## WORK REQUEST
Exactly reproduce the lines from the one holding "ホワイトつや消し散布お誕生日ケーキ 薄葉紙 (正面)" through the end of the records, including both boundary lines but no pictures.
### PROVIDED INFORMATION
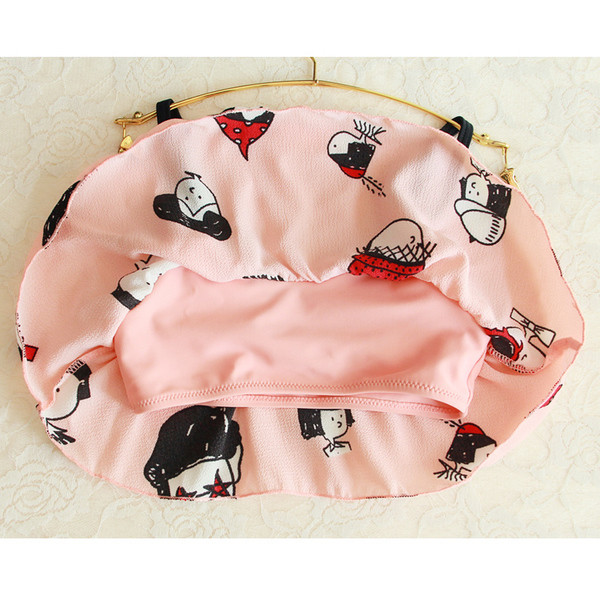 Costum de baie pentru copii în două părți în trei culori cu imprimeu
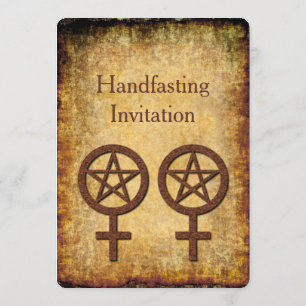 Rustic Pentacles Lesbian Handfasting Uitnodiging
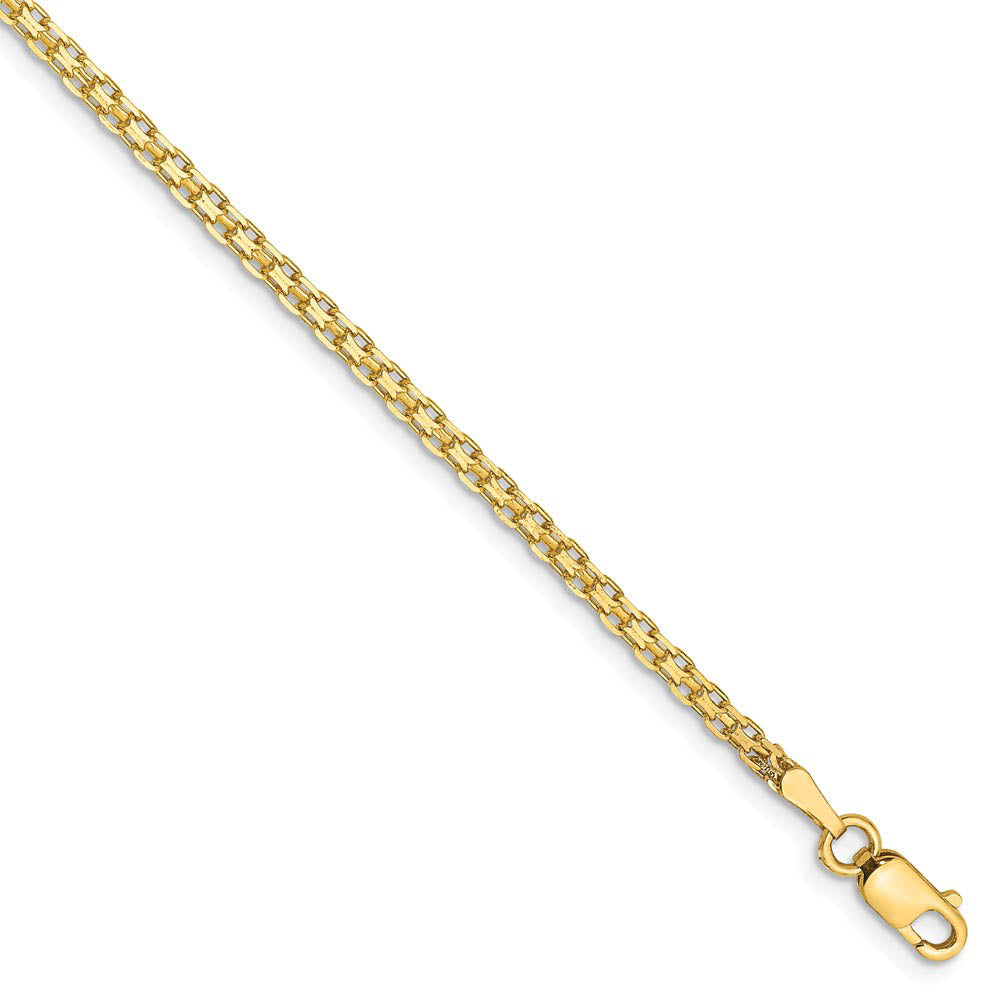 2mm, 14k Yellow Gold, Flat Bismark Mesh Chain Anklet or Bracelet, Item C8337-B by The Black Bow Jewelry Co.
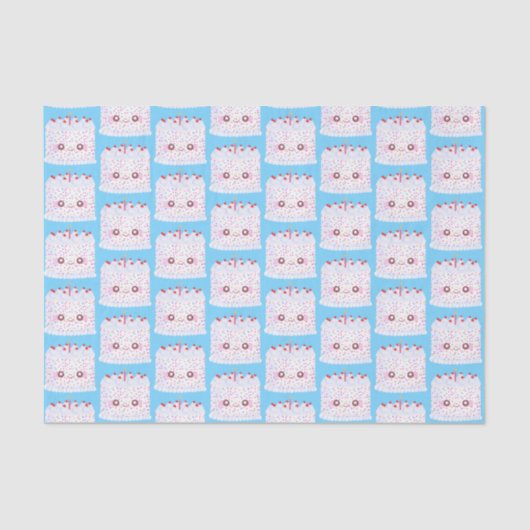 ホワイトつや消し散布お誕生日ケーキ 薄葉紙 (正面)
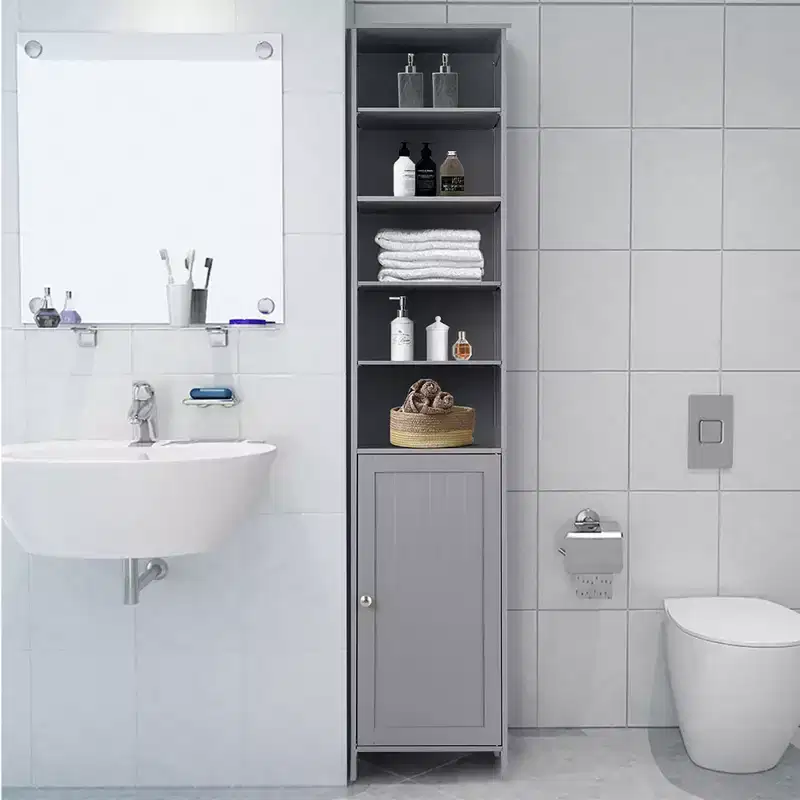 Costway 72''H Bathroom Tall Floor Storage Cabinet Shelving Display Grey\White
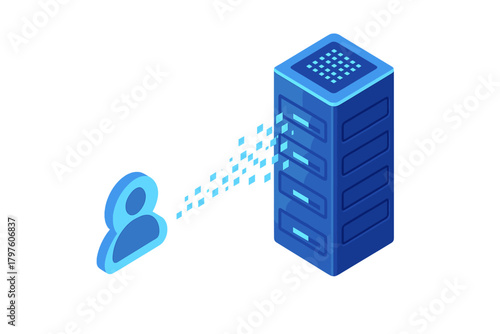 Isometric design showing user data transfer and access to a central server or cloud storage system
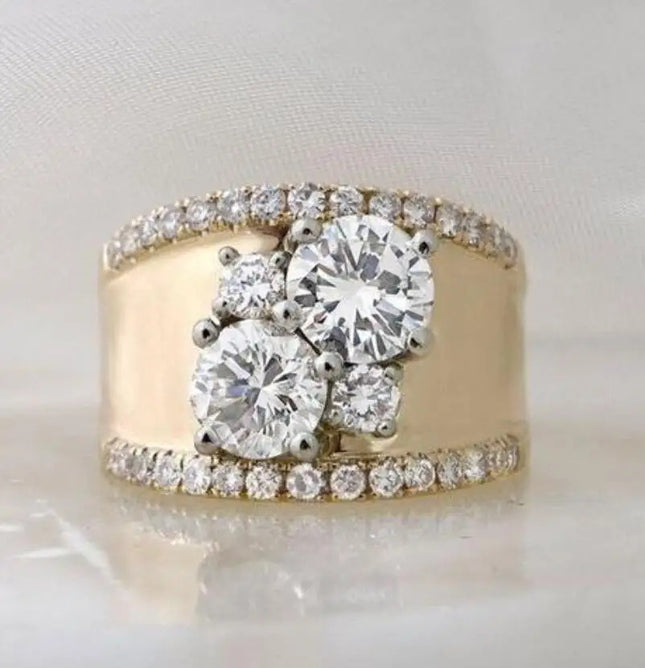 European And American Luxury Round Engagement Ring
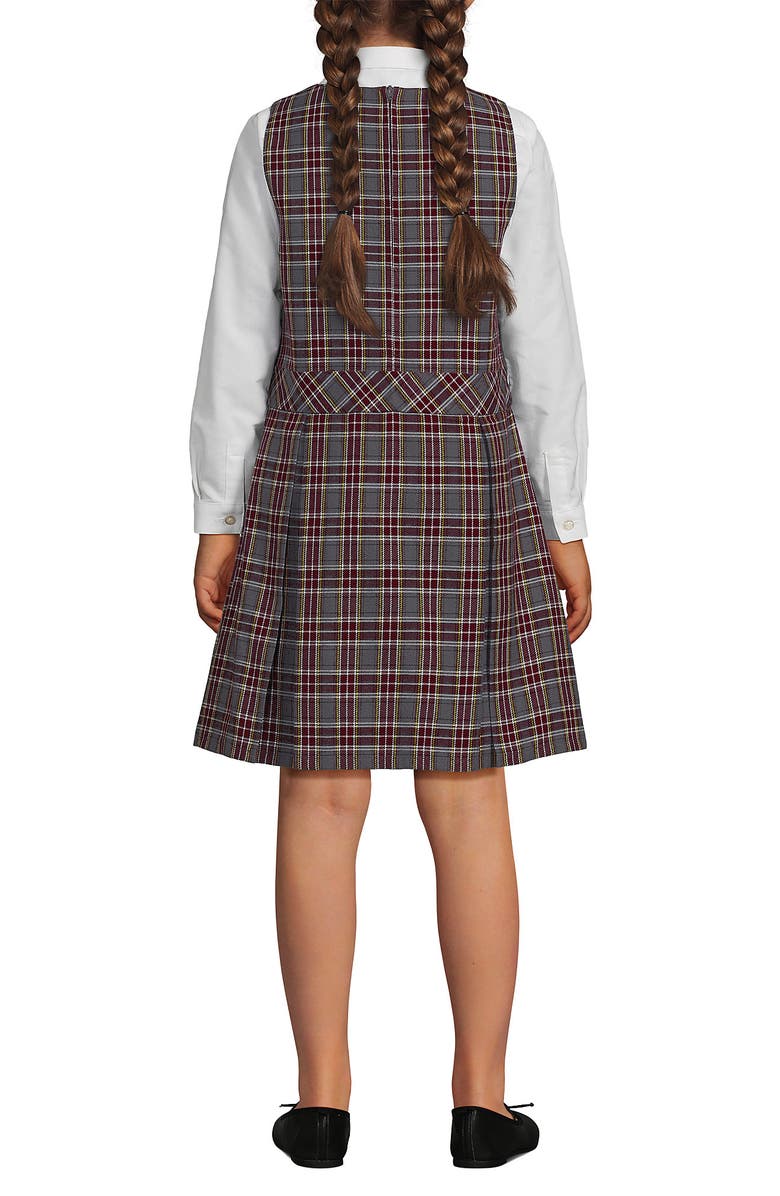 Lands' End School Uniform Girls Plus Plaid Jumper Top of Knee, Alternate, color, Gray Heather/Maroon Plaid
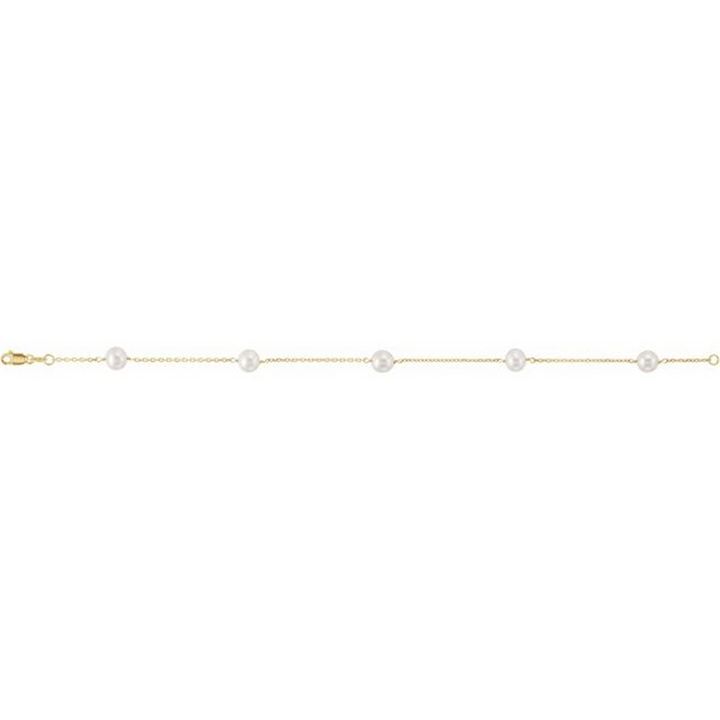 7" 14K Yellow Gold Cultured White Freshwater Pearl 5-Station Bracelet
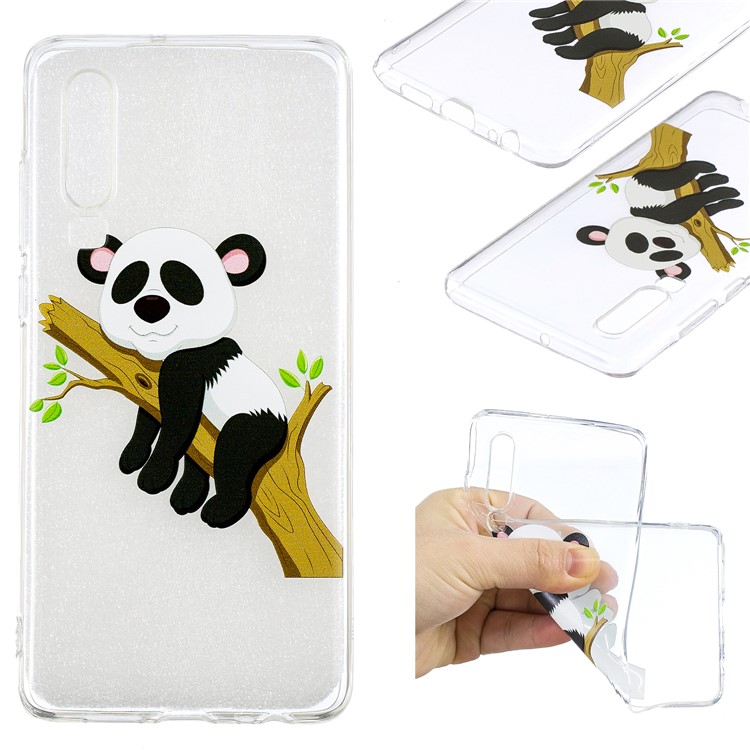 Pattern Printing Soft TPU Protective Case for Huawei P30 - Panda on Branch-1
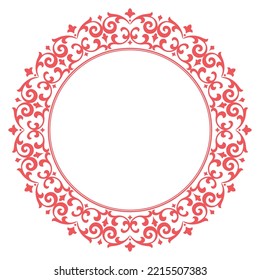 Decorative frame Elegant vector element for design in Eastern style, place for text. Floral pink and white border. Lace illustration for invitations and greeting cards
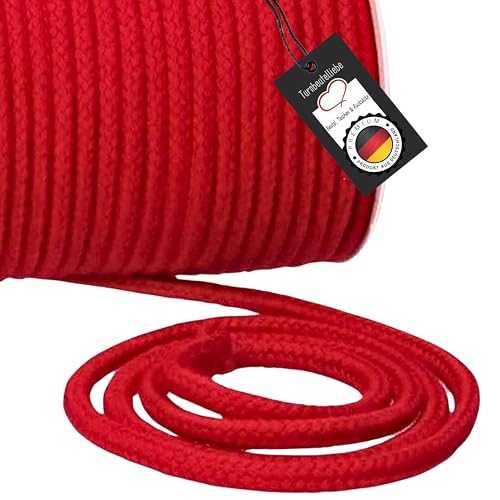 Turnbeutelliebe® Cordón Trenzado 100% algodón para Bolsa de Gimnasio, Bolsas, Pantalones, Costura, cordón de Bricolaje, Longitudes, Ancho 8 mm (Rojo, 5)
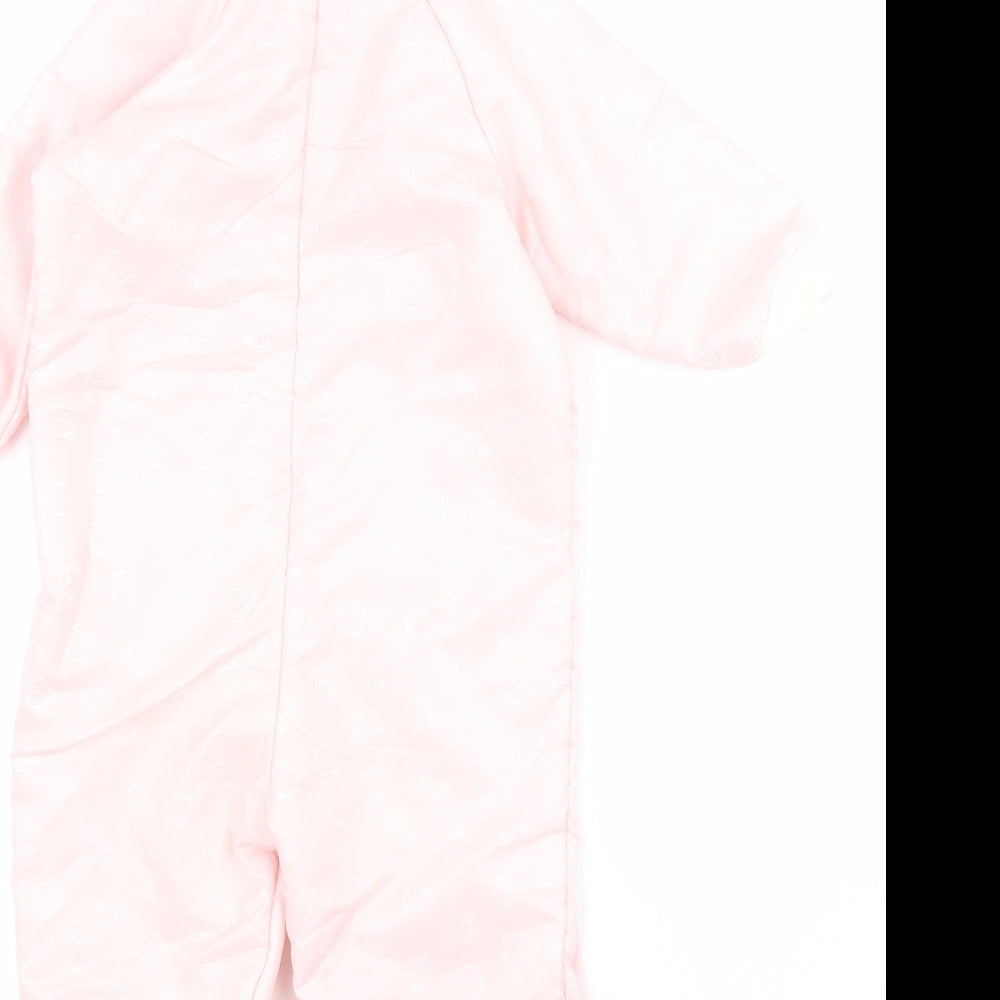 Mothercare Baby Pink   Jacket Snowsuit Size 12 Months   Zip - Cats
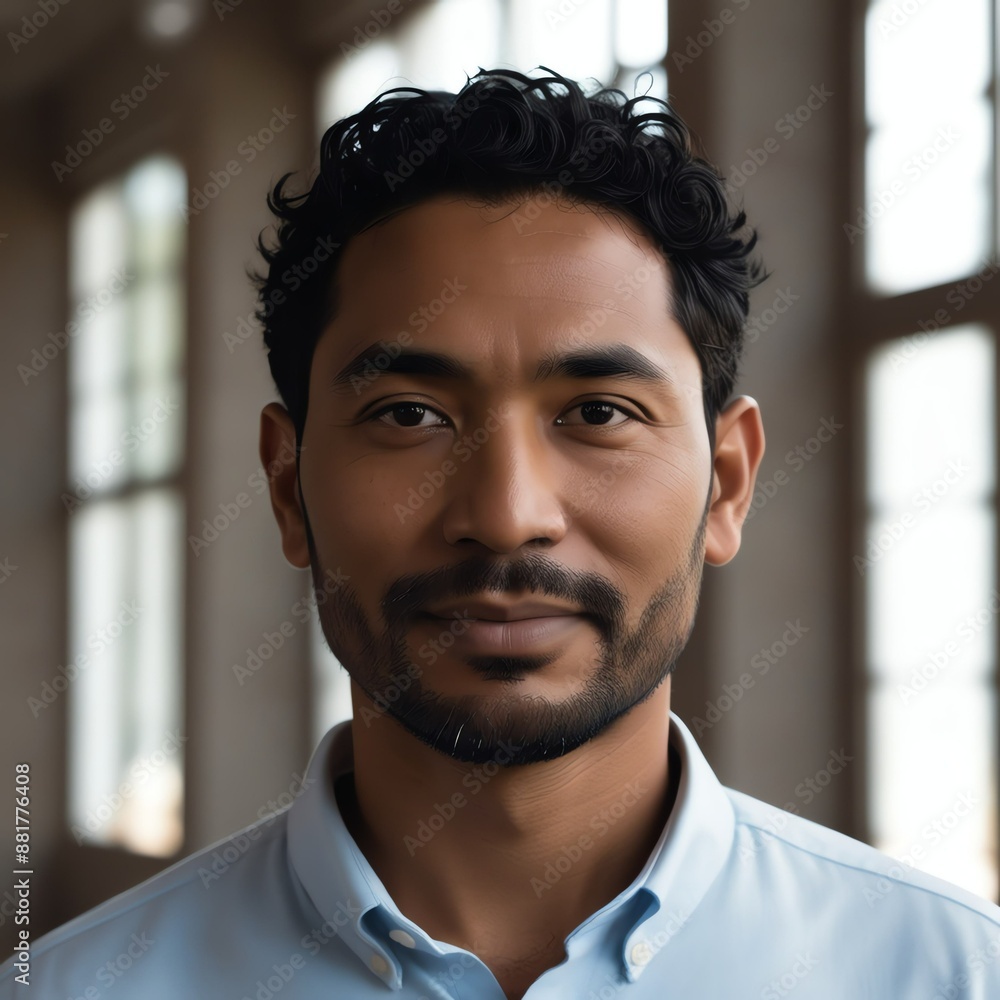 Portrait-style image featuring a Nepali man with a medium-dark skin tone , short, curly black img Portrait-style image featuring a Nepali man with a medium-dark skin tone , short, curly black img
######
## SOLUTION FOR THIS PROBLEM
 ホワイトつや消し散布お誕生日ケーキ 薄葉紙 (正面)
 Costway 72''H Bathroom Tall Floor Storage Cabinet Shelving Display Grey\White
 Isometric design showing user data transfer and access to a central server or cloud storage system
 European And American Luxury Round Engagement Ring
 Lands' End School Uniform Girls Plus Plaid Jumper Top of Knee, Alternate, color, Gray Heather/Maroon Plaid
 7" 14K Yellow Gold Cultured White Freshwater Pearl 5-Station Bracelet
 Pattern Printing Soft TPU Protective Case for Huawei P30 - Panda on Branch-1
 Decorative frame Elegant vector element for design in Eastern style, place for text. Floral pink and white border. Lace illustration for invitations and greeting cards
 Turnbeutelliebe® Cordón Trenzado 100% algodón para Bolsa de Gimnasio, Bolsas, Pantalones, Costura, cordón de Bricolaje, Longitudes, Ancho 8 mm (Rojo, 5)
 Mothercare Baby Pink   Jacket Snowsuit Size 12 Months   Zip - Cats
 Portrait-style image featuring a Nepali man with a medium-dark skin tone , short, curly black img Portrait-style image featuring a Nepali man with a medium-dark skin tone , short, curly black img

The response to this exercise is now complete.